We were happy to find the lake was mostly slush free, which hasn’t always been the case on the north country’s frozen waters this winter. Roger, who’d fished here in the past, led us to a point across the lake. Cutting holes with hand augers was easy, because the ice was only a foot thick.
Dropping a tiny tube jig down the tube cut in the ice, I was immediately rewarded with a strike. Within minutes I had two more bites, but failed to connect with the fish each time. And then the party was over. Steve and Roger, who are far more serious about ice fishing than me, were watching for signs of life on their flashers. Steve was the first to spot a blip and promptly landed a 12-inch splake. A little while later, Roger scored with a 16-incher.
The weather was mild, so standing outside was comfortable. After twitching my tube jig with no response for what seemed like hours (for me, ice fishing without action is like standing on a snow-covered parking lot), I drilled a couple of holes and moved around. I may as well been augering through parking lot pavement. So I returned to the hole where I started and set up my portable house.
After chasing a pop-up portable down a windswept lake last winter, I decided to go old school, borrowing a 30-year-old Heco portable from a friend who no longer uses it. Super lightweight and setting up in seconds, the Heco, no longer made, may represent the epitome of portable shelter design. Unlike contemporary shelters, the Heco has a floor, so you can put your gear inside to prevent it from blowing away.
This day, the shelter was a perfect place to sit down, rummage through the Duluth pack and find some snacks. The tube jig was left to its own devices while I munched. Live minnows are not allowed on designated stream trout lakes. For me, this is a serious drawback to ice fishing on them, because you have to instead jig endlessly, regardless if the fish are biting. Also, you are only allowed one line. I much prefer ice-fishing for lake trout, where you can use two lines and live minnows. When you have a short attention span like me, sometimes it’s best to let a lively minnow do the fishing for you.
When I wasn’t eating, I twitched the tube jig; not really expecting to get a bite, because my friends weren’t seeing anything with their flashers. Eventually, Steve and I moved to try another place where I’d caught rainbows while fly-fishing in the summer. We never had a bite. Roger moved in another direction along a steep shoreline. When we checked in with him, he’d seen a blip or two on the flasher, so we decided to set up nearby.

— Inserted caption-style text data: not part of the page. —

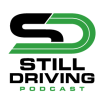 Still Driving Podcast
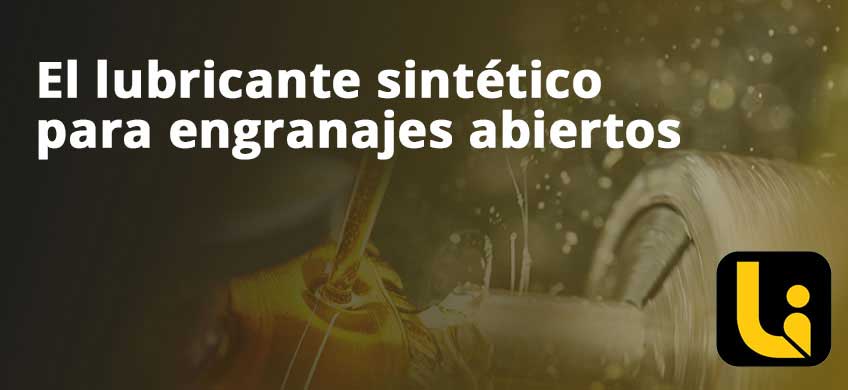 El lubricante sintético para engranajes abiertos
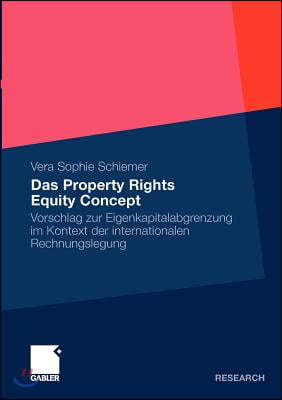 Das Property Rights Equity Concept: Vorschlag Zur Eigenkapitelabgrenzung Im Kontext Der Internationalen Rechnungslegung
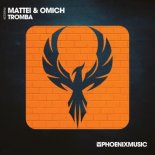 Mattei & Omich - Tromba (Extended Mix)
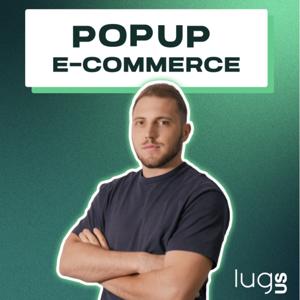 Popup - Le podcast e-commerce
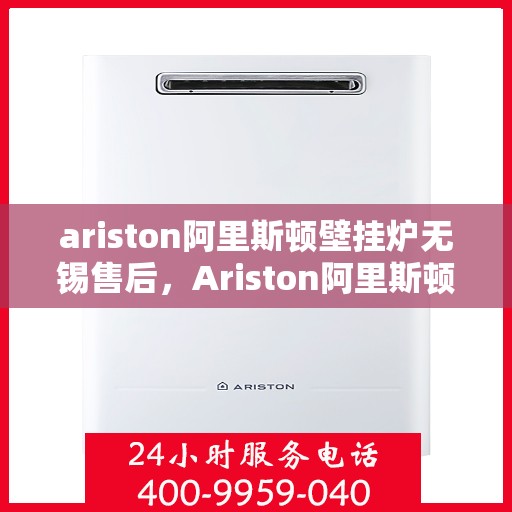 ariston阿里斯顿壁挂炉无锡售后，Ariston阿里斯顿壁挂炉无锡售后服务中心，专业维修与保养服务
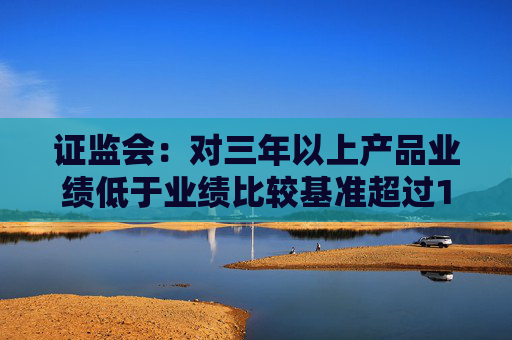 证监会：对三年以上产品业绩低于业绩比较基准超过10个百分点的基金经理 要求其绩效薪酬应当明显下降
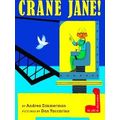 Big Jobs, Bold Women Crane Jane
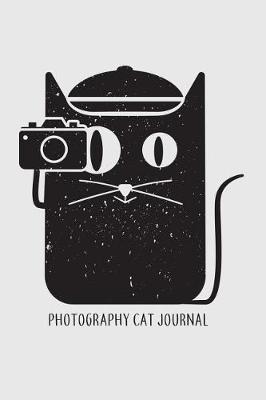 Photography Cat Journal: 6x9 Inch Travel Size Cat Themed Writing Journal / Notebook for Cat Lover and Cat Owner with Cute Cat Graphics.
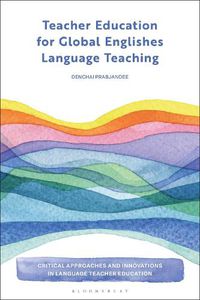 Cover image for Teacher Education for Global Englishes Language Teaching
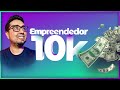 Como ser um empreendedor 10k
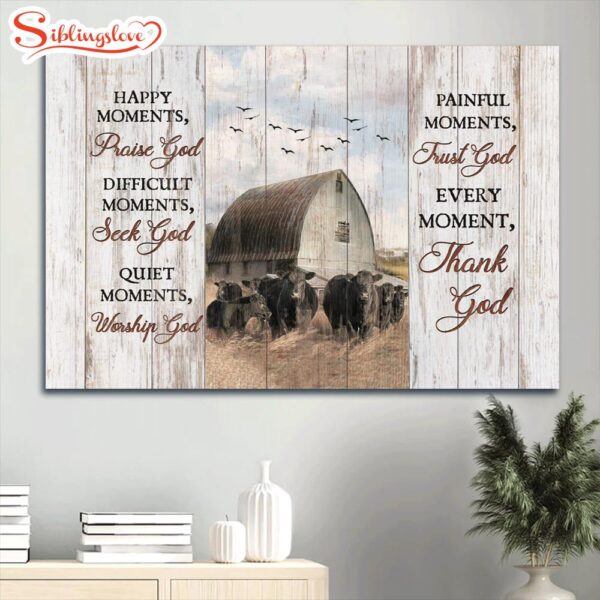 Aberdeen Angus Canvas Tranquil Farm Every Moment Thank God Canvas Wall Art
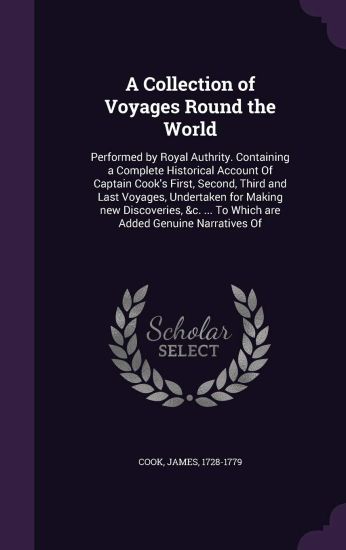 A Collection of Voyages Round the World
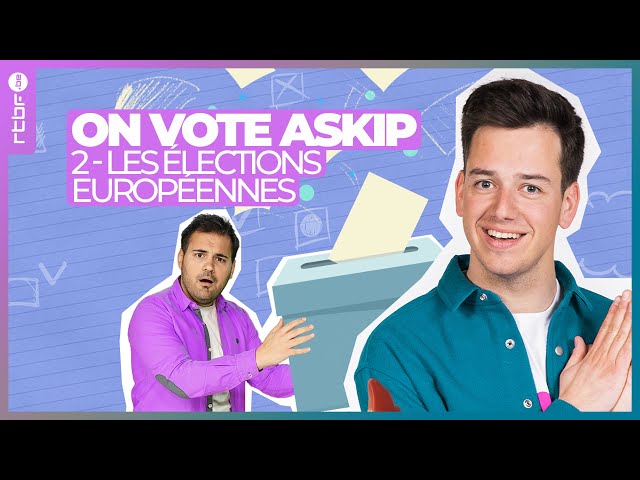 Les élections européennes | On vote askip E02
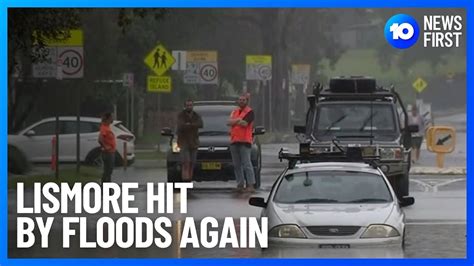 Lismore Residents Evacuate As North Nsw Floods Again 10 News First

Dropping the tube jig down a new hole was like making a fresh start, so I twitched with renewed interest. And then it happened. I felt a tug on the line and set the hook. Something tugged back. And then it was gone. Inspired with a bite-induced adrenalin surge, I twitched some more. Then I set up the fish house and rummaged through the Duluth pack again. The day so mild my cold spaghetti didn’t freeze.
Well-fed and content, I moved down the shoreline a ways to try another spot. You won’t catch fish unless you’re fishing. Sometimes you still won’t catch anything but a skunk. This was one of those days. About an hour before sunset we decided to call it quits.
So I took a day off from a busy schedule to sit on a lonely lake and fruitlessly twitch a jig. Was it worth it? Yes it was. Did I mention how all of the conifers bear a heavy coating of snow that has transformed the boreal forest into a winter wonderland? Did I tell you about the rugged hills that rise above the lake and the towering white pines that stand like ancient sentinels above their peaks? Do you know what it is like to hear the lonely croak of a raven; the only sound of a living creature you hear all day?
Like they say, any day of fishing is better than a day of work.